The other day, in the context of a discussion of an article from 1972, I remarked that the great statistician William Cochran, when writing on observational studies, wrote almost nothing about causality, nor did he mention selection or meta-analysis.

It was interesting that these topics, which are central to any modern discussion of observational studies, were not considered important by a leader in the field, and this suggests that our thinking has changed since 1972.

Today I’d like to make a similar argument, this time regarding the topic of *measurement*. This time I’ll consider Donald Rubin’s 2008 article, “For objective causal inference, design trumps analysis.”

All of Rubin’s article is worth reading—it’s all about the ways in which we can structure the design of observational studies to make inferences more believable—and the general point is important and, I think, underrated.

When people do experiments, they think about *design*, but when they do observational studies, they think about *identification strategies*, which is related to design but is different in that it’s all about finding and analyzing data and checking assumptions, not so much about about systematic data collection. So Rubin makes valuable points in his article.

But today I want to focus on something that Rubin doesn’t really mention in his article: *measurement*, which is a topic we’ve been talking a lot about here lately.

Rubin talks about randomization, or the approximate equivalent in observational studies (the “assignment mechanism”), and about sample size (“traditional power calculations,” as his article was written before Type S and Type M errors were well known), and about the information available to the decision makers, and about balance between treatment and control groups.

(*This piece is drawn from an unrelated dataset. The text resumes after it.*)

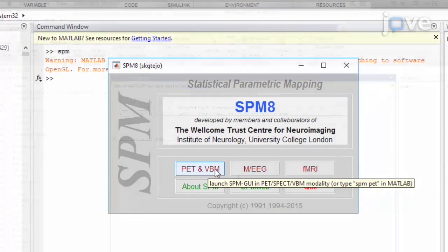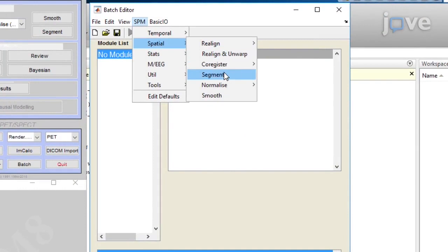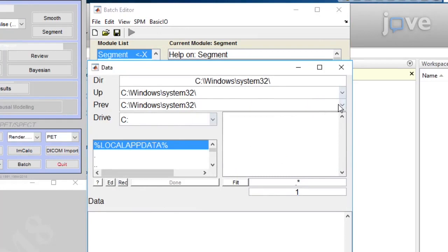Now, open the batch editor to perform segmentation on multiple scans at once. Select SPM, Spatial and Segment, then Data, select Files, and choose the T1 Weighted Scans as input.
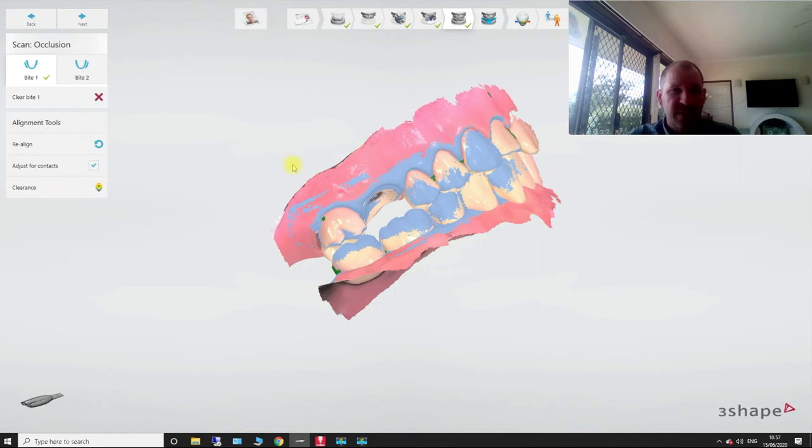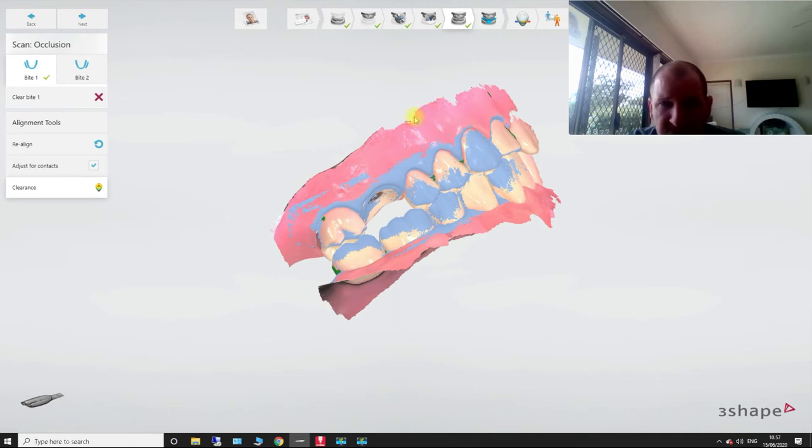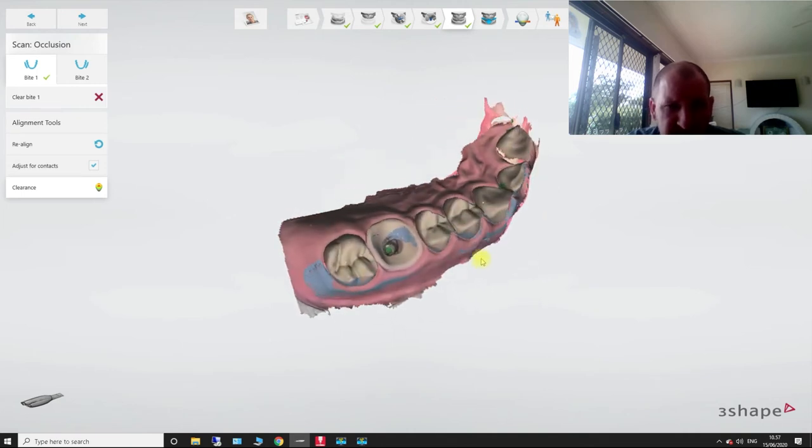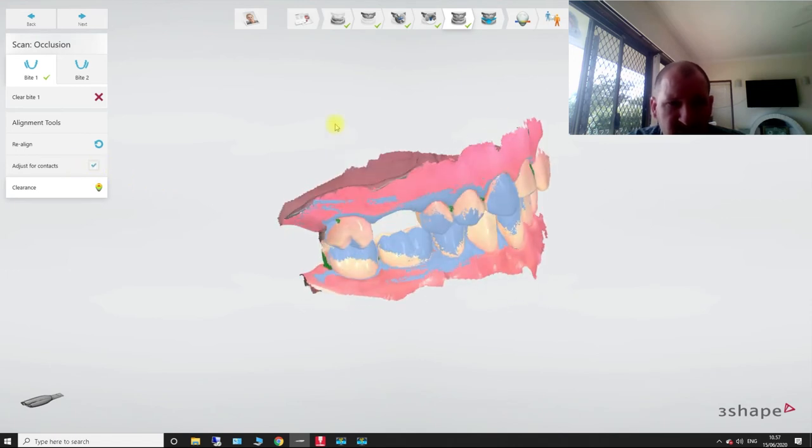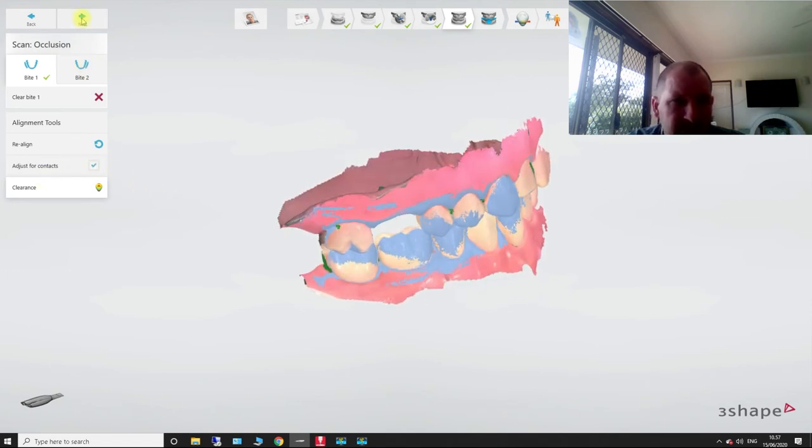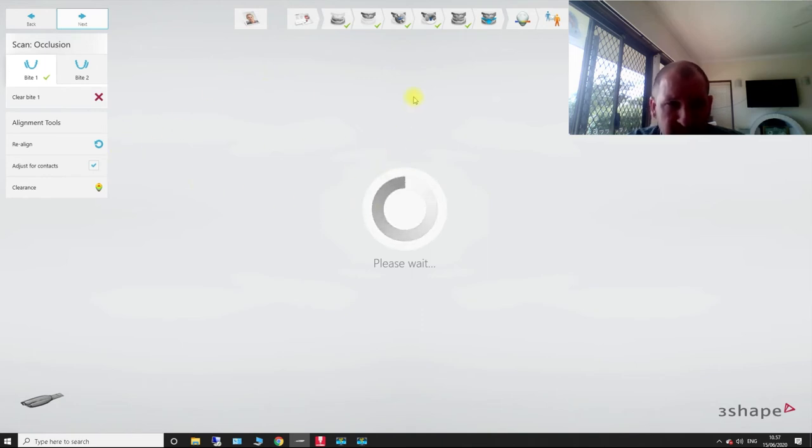Clearance. I'm going to check my clearance, make sure that I've got good heavy contacts because I want to make sure that I've got load on this bite before I send it off to the lab. So if you were to, let's just go next. We're going to post-process.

Rubin does briefly mention the importance of measurement, but only in the context of being able to match or adjust for pre-treatment differences between treatment and control groups.

That’s fine, but here I’m concerned with something even more basic: the *validity* and *reliability* of the measurements of outcomes and treatments (or, more generally, comparison groups). I’m assuming Rubin was taking validity for granted—assuming that the x and y variables being measured were the treatment and outcome of interest—and, in a sense, the reliability question is included in the question about sample size. In practice, though, studies are often using sloppy measurements (days of peak fertility, fat arms, beauty, etc.), and if the measurements are bad enough, the problems go beyond sample size, partly because in such studies the sample size would have to creep into the zillions for anything to be detectable, and partly because the biases in measurement can easily be larger than the effects being studied.

So, I’d just like to take Rubin’s excellent article and append a brief discussion of the importance of measurement.

**P.S.** I sent the above to Rubin, who replied:

In that article I was focusing on the design of observational studies, which I thought had been badly neglected by everyone in past years, including Cochran and me. Issues of good measurement, I think I did mention briefly (I’ll have to check—I do in my lectures, but maybe I skipped that point here), but having good measurements had been discussed by Cochran in his 1965 JRSS paper, so were an already emphasized point.

And I wanted to focus on the neglected point, not all relevant points for observational studies.